You’re almost always better off not ‘knowing’ ‘what’ something or someone ‘is’. I don’t mean complete oblivion in awareness, however.
I mean the gentle. but firm… suspension of the habits with which we classify identity, situations and experience.
And here’s why I say this: most of my classification / evaluation activity is based on ‘generalizations’. That’s already problematic; those generalizations are crude at best, and many of them are fraught with invisible presumptions, assumptions, or utility.
It gets worse, however. Much worse.
Secretly, underneath my awareness, usually, the evaluations »transform the possibility space of both »relation… and my own explorations of being. Not of ‘who I am’, but rather ‘who I may become’. Especially with others. Or nature.
So I »think I am evaluation ‘stuff outside me’.

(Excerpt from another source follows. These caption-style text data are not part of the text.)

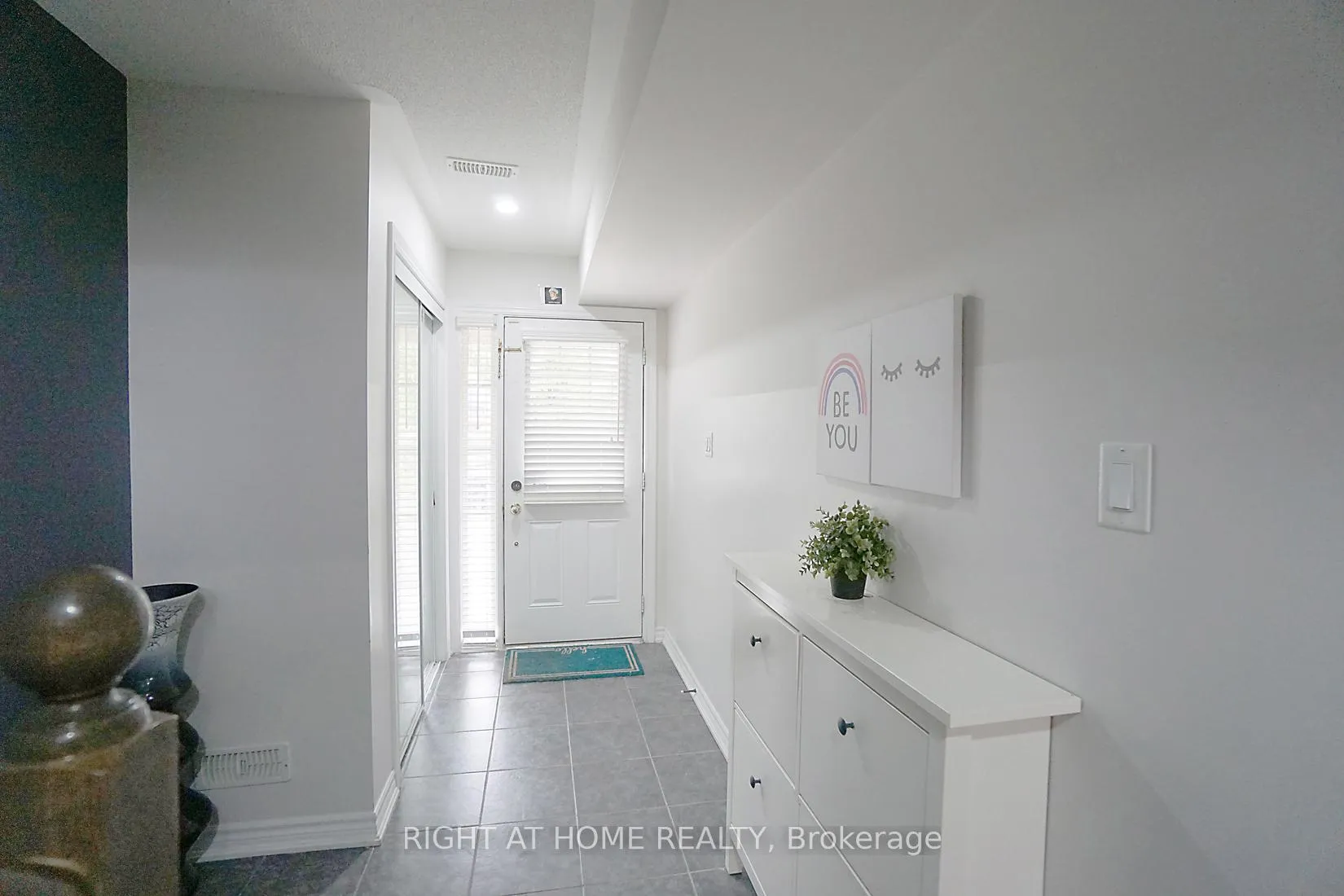 Photo 3 of 15 Magdalene Crescent, Brampton, Heart Lake — HOMEH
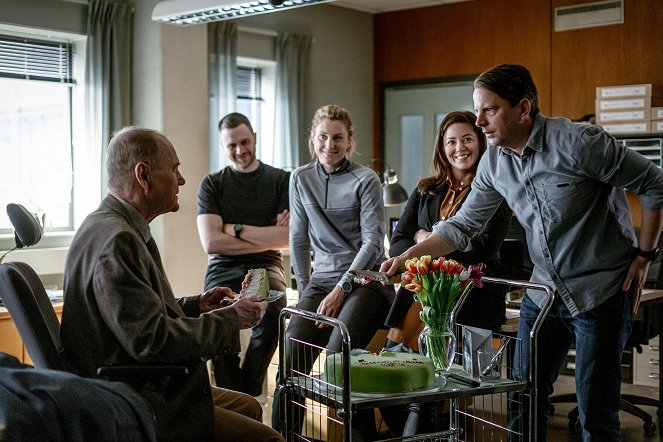 Stíny nad Stockholmem - Ett nytt liv - Z filmu - Peter Haber, Martin Wallström, Anna Asp, Jennie Silfverhjelm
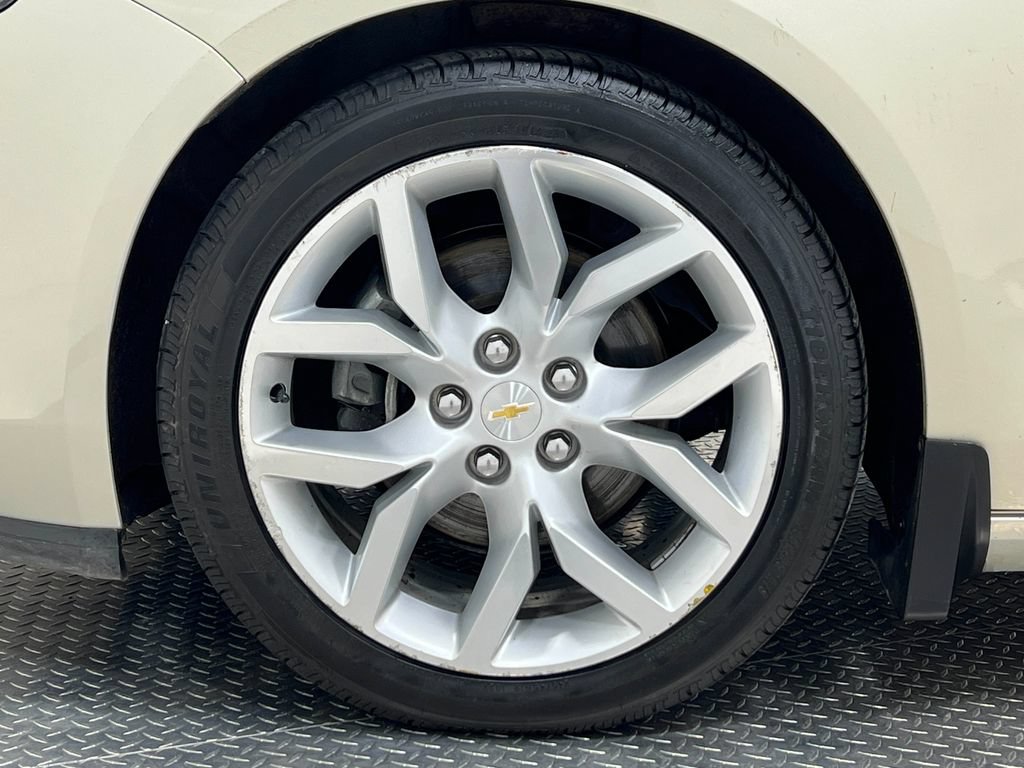 Used 2015 Chevrolet Impala LTZ FWD image 36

But the existence of ‘outside me’ is »primarily a misconception. It’s a way of »thinking. There »is something going on, but inside and outside are not as distinct as we might suppose. Because their identity is determined not by categories, but by »relational inter-participation.
So when I decide that “I know what (x) is.” I am not doing »what I think I’m doing. There are simple, utilitarian exceptions to this. The problem is that I tend to transfer that »method of identification to aspects of being and experience where it’s nearly the worst move available.
When I decide what or who something or someone is… what is actually going on is that I am unconsciously delimiting the relational and awareness space… for »myself.
In fact, during the usually instantaneous and invisible ‘execution’ of the categorization / generalization ‘knowing’… I disappear. Because I become that process. And if I am unaware of this… I simply continue on with disemboweling whatever it may be that has aroused my evaluation habits.
We are »far better off noticing and largely suspending this process. Almost always. Or, at least, in any situation that is beyond the scope of such simple evaluations as are common to our lives and well-being.
Don’t touch the boiling water.
Ok.
But do something other than transfer that simplistic a method of evaluating identity onto circumstances or subjects of perception.
One burns your finger.
The other burns your capacity to know what a mind can be.